A heisenbug may even disappear when you try to look at it with println or a debugger! The reason is that printing and debugging are so much slower than other operations, often 100-1000x slower, that they dramatically change the timing of operations, and the interleaving.
This problem is particularly easy to see with Java threads, because their access to shared variables is so fast.
Inserting a simple print statement into the cashMachine() drastically changes its timing behavior:
public static void cashMachine() {
new Thread(new Runnable() {
public void run() {
for (int i = 0; i < TRANSACTIONS_PER_MACHINE; ++i) {
deposit(); // put a dollar in, very fast
withdraw(); // take it back out, very fast
System.out.println(balance); // incredibly slow by comparison -- makes the bug disappear!
}
}
}).start();
}…and suddenly the balance is always 200, as desired, and the bug appears to go away. But it’s only masked, not truly fixed. A change in timing somewhere else in the program may suddenly make the bug come back.
It’s harder to see this effect with the TypeScript bank account example, using workers reading and writing a shared file, because file access is comparably slow to printing. But the heisenbug phenomenon still exists, and would certainly crop up if you stopped one of the cash machines at a breakpoint and tried to step through it with a debugger – the other cash machine would be able to run to completion without interference, and the problem would appear to go away.
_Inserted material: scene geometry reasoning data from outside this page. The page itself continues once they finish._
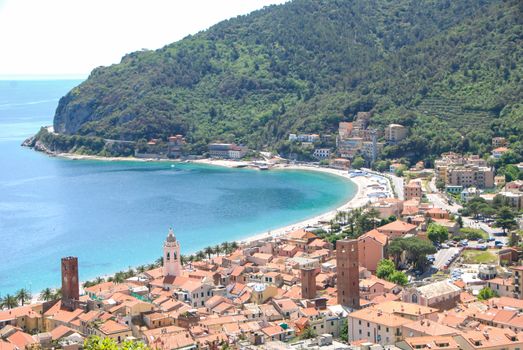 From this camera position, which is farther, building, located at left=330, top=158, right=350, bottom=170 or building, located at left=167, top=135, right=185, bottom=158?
building, located at left=167, top=135, right=185, bottom=158

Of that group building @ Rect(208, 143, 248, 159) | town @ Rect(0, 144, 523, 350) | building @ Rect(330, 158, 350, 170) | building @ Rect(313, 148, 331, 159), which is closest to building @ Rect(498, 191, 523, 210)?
town @ Rect(0, 144, 523, 350)

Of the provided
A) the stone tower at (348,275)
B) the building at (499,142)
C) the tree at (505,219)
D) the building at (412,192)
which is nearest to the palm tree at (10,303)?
the stone tower at (348,275)

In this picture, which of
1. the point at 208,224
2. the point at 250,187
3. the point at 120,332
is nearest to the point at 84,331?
the point at 120,332

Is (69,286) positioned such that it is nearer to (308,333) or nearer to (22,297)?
(22,297)

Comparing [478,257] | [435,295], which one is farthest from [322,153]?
[435,295]

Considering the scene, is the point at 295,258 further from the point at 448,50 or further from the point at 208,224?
the point at 448,50

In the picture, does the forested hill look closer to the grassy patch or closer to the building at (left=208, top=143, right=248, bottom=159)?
the building at (left=208, top=143, right=248, bottom=159) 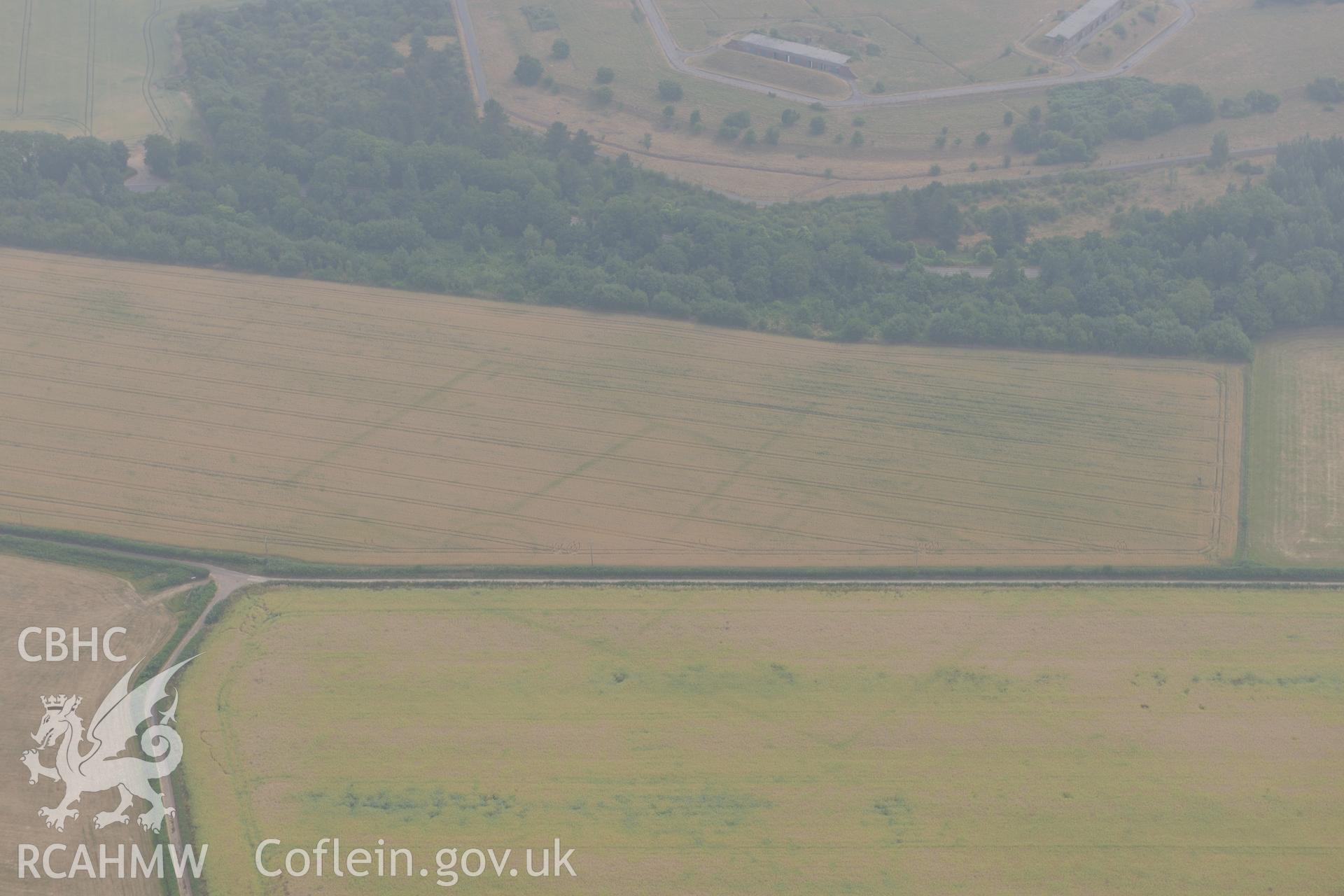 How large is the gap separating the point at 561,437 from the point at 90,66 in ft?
285

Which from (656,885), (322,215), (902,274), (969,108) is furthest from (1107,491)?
(322,215)

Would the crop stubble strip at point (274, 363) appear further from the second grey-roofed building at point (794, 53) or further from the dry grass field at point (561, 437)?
the second grey-roofed building at point (794, 53)

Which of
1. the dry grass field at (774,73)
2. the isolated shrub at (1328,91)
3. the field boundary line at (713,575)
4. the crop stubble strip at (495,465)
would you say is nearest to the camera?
the field boundary line at (713,575)

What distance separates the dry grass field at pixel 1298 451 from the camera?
79875mm

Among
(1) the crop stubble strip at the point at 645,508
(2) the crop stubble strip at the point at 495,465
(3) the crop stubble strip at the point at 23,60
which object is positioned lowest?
(1) the crop stubble strip at the point at 645,508

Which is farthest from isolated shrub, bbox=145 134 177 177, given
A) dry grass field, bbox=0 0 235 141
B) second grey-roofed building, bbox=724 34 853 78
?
second grey-roofed building, bbox=724 34 853 78

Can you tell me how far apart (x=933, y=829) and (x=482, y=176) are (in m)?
76.0

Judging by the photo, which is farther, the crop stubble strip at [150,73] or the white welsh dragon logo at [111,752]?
the crop stubble strip at [150,73]

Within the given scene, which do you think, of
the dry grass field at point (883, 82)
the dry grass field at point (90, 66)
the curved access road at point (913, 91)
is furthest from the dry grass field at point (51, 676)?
the curved access road at point (913, 91)

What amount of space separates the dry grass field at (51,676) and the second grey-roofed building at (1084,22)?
383 ft

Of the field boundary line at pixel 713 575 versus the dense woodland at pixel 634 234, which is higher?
the dense woodland at pixel 634 234

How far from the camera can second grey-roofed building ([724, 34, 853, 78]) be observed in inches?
5389

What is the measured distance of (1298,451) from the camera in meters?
86.9

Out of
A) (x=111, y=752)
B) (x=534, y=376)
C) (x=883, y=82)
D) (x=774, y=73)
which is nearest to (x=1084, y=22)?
(x=883, y=82) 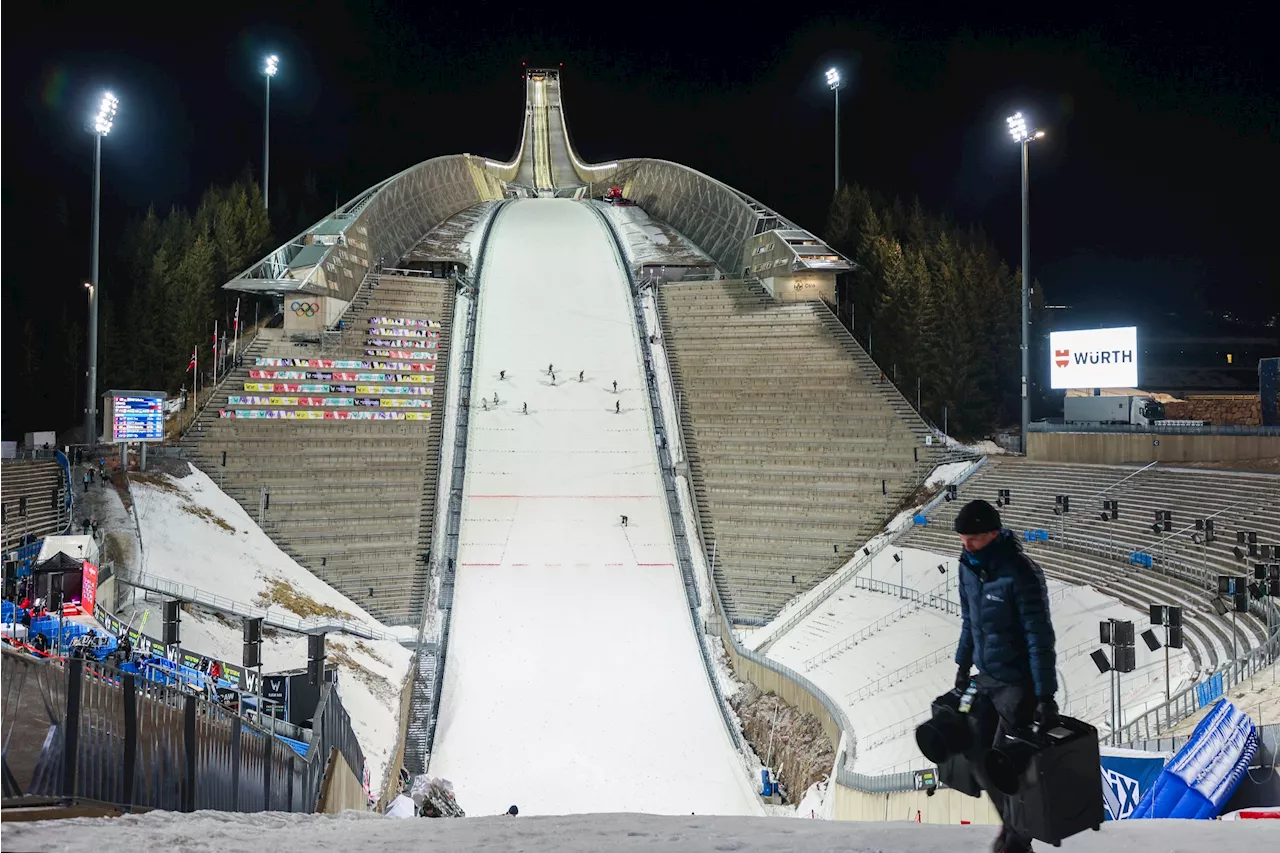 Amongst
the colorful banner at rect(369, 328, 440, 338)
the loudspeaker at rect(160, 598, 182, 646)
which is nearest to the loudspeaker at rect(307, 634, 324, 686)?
the loudspeaker at rect(160, 598, 182, 646)

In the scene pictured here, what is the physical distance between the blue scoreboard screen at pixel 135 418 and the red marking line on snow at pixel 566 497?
26.1ft

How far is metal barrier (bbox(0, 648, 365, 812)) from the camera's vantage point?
409 cm

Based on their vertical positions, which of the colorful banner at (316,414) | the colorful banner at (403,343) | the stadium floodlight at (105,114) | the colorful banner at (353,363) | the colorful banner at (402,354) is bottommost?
the colorful banner at (316,414)

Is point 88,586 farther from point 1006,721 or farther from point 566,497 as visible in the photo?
point 1006,721

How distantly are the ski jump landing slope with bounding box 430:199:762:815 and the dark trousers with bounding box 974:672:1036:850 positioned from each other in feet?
39.0

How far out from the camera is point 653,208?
5684 cm

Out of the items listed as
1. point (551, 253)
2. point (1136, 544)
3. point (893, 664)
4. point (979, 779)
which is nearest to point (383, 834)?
point (979, 779)

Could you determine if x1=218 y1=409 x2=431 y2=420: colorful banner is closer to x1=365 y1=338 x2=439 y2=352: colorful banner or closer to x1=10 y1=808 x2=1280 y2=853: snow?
x1=365 y1=338 x2=439 y2=352: colorful banner

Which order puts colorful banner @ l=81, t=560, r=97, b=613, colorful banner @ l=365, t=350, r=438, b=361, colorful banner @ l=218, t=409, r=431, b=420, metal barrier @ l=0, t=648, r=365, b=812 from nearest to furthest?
metal barrier @ l=0, t=648, r=365, b=812, colorful banner @ l=81, t=560, r=97, b=613, colorful banner @ l=218, t=409, r=431, b=420, colorful banner @ l=365, t=350, r=438, b=361

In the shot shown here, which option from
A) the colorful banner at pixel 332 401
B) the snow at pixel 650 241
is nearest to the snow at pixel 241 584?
the colorful banner at pixel 332 401

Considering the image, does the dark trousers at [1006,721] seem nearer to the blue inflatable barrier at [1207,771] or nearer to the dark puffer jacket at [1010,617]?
the dark puffer jacket at [1010,617]

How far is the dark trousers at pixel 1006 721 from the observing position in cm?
349

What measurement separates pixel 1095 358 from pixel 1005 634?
23.4 meters

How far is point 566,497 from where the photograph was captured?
26.2 metres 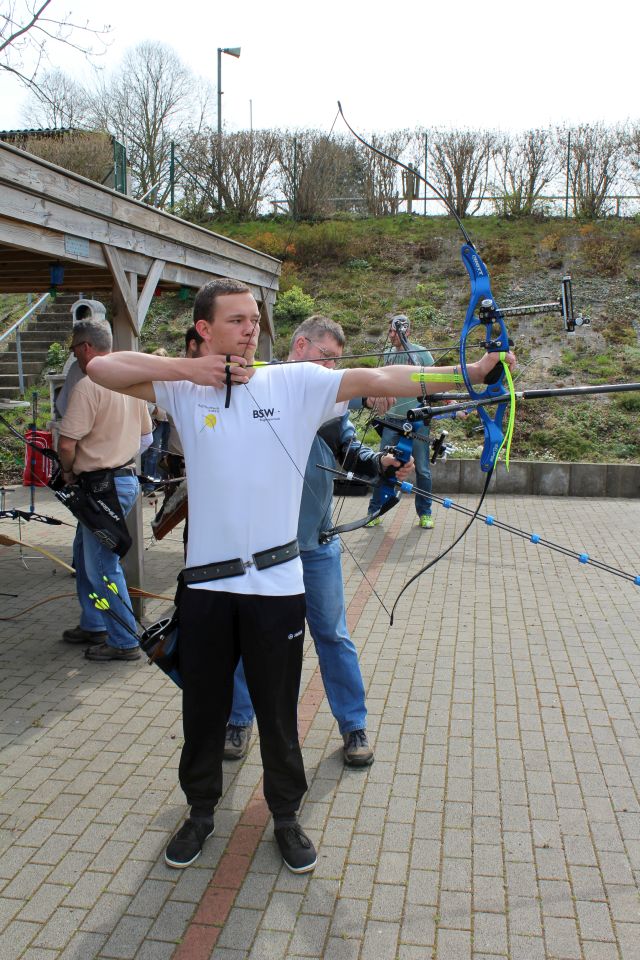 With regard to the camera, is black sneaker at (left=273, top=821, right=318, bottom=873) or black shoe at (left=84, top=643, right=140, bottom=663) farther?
black shoe at (left=84, top=643, right=140, bottom=663)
Concurrency is hard to get right. Part of the point of this reading is to scare you a bit. Over the next several readings, we’ll see principled ways to design concurrent programs so that they are safer from these kinds of bugs.
reading exercises
You’re running a test suite (for code written by somebody else), and some of the tests are failing. You add debugging print statements to the one method called by all the failing test cases, in order to display some of its local variables, and the test cases suddenly start passing. Which of the following are likely to be part of the explanation for this behavior?
(missing explanation)
Summary
- Concurrency: multiple computations running simultaneously
- Shared-memory & message-passing paradigms
- Processes & threads
- Process is like a virtual computer; thread is like a virtual processor
- Race conditions
- When correctness of result (postconditions and invariants) depends on the relative timing of events
These ideas connect to our three key properties of good software mostly in bad ways. Concurrency is necessary but it causes serious problems for correctness. We’ll work on fixing those problems in the next few readings.
Safe from bugs. Concurrency bugs are some of the hardest bugs to find and fix, and require careful design to avoid.
Easy to understand. Predicting how concurrent code might interleave with other concurrent code is very hard for programmers to do. It’s best to design your code in such a way that programmers don’t have to think about interleaving at all.